The use of a "show cause" form was consistent with the Uniform Trial Court Rules and Supplementary Local Rules (SLR) for Marion County, which provide that modification proceedings must be initiated by a show cause order. See UTCR 8.050(1) ("Modification proceedings must be initiated by an order to show cause based on a motion supported by an affidavit setting forth the factual basis for the motion or by other procedure established by SLR."); Marion County Circuit Court SLR 8.061 ("The provisions of SLR 5.065 [concerning show cause orders] shall apply in domestic relations actions.").

See also SLR 5.065(6) ("If a Show Cause Order does not require the personal appearance of the opposing party and the opposing party fails to file a written Answer to the Show Cause Order within the time allowed by the Order, the moving party may present ex parte , an Order granting relief sought by the moving party, providing the return of service of the Show Cause Order has been filed of record or is presented with the proposed ex parte Order. The court, in its discretion, may allow or deny the requested relief in whole or part, ex parte , or the court may direct that a hearing be scheduled for the presentation of additional evidence in support of the relief sought by the moving party.").

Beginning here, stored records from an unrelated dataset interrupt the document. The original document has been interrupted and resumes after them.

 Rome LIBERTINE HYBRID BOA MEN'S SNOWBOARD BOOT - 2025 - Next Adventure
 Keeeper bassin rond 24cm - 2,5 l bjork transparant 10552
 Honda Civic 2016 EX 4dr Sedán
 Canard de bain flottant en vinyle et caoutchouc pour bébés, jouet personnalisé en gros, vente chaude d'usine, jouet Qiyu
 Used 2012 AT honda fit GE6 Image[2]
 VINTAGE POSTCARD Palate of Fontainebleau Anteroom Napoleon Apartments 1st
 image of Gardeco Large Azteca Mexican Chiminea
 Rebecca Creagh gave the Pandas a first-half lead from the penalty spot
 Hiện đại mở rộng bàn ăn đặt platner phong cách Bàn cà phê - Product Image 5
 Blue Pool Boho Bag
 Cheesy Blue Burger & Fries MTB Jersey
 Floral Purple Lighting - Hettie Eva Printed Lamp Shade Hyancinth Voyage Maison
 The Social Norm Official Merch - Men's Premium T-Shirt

A week after the motion and proposed order to show cause were submitted, the trial court denied the motion, noting "denied" across the top of the proposed order, with no further elaboration.

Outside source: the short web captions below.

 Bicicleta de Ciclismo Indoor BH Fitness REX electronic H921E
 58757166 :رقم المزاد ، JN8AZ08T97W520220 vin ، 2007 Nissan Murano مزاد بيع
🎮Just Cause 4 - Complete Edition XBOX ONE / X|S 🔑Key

Father now appeals that denial of his motion to modify the judgment, arguing that the trial court erred by effectively denying him any parenting time without any explanation and without any meaningful opportunity to be heard on what is in the best interest of his child. He argues that a trial court can err when it fails to "make a record reflecting an exercise of discretion" and "must * * * supply enough information to enable appellate courts to engage in meaningful review of the court's exercise of discretion." (Quoting Ray Klein, Inc. v. Wade , 271 Or. App. 690, 691, 351 P.3d 88, rev den , 358 Or. 374, 365 P.3d 130 (2015), and State v. Kacin , 237 Or. App. 66, 73, 240 P.3d 1099 (2010) ). On this record, we agree with father that the court erred in summarily denying his motion without any explanation.

Under ORS 107.135(1), a party seeking to modify a judgment as to parenting time must serve the notice on the other party in the manner provided under ORCP 7. ORS 107.135(1). Thereafter, "[w]ithin 30 days after service of notice under subsection (1) of this section, the party served shall file a written response with the court." ORS 107.135(14). And, as set forth above, the applicable UTCRs and the SLRs for Marion County contemplate a "show cause" process for motions to modify domestic relations orders.

Father, following that framework, presented the trial court with a motion and proposed order to show cause why the custody judgment should not be modified to grant him parenting time. The motion and proposed order asked the court to make a discretionary call as to whether father's motion and supporting materials met the minimum threshold to require mother to show cause why father should not receive parenting time.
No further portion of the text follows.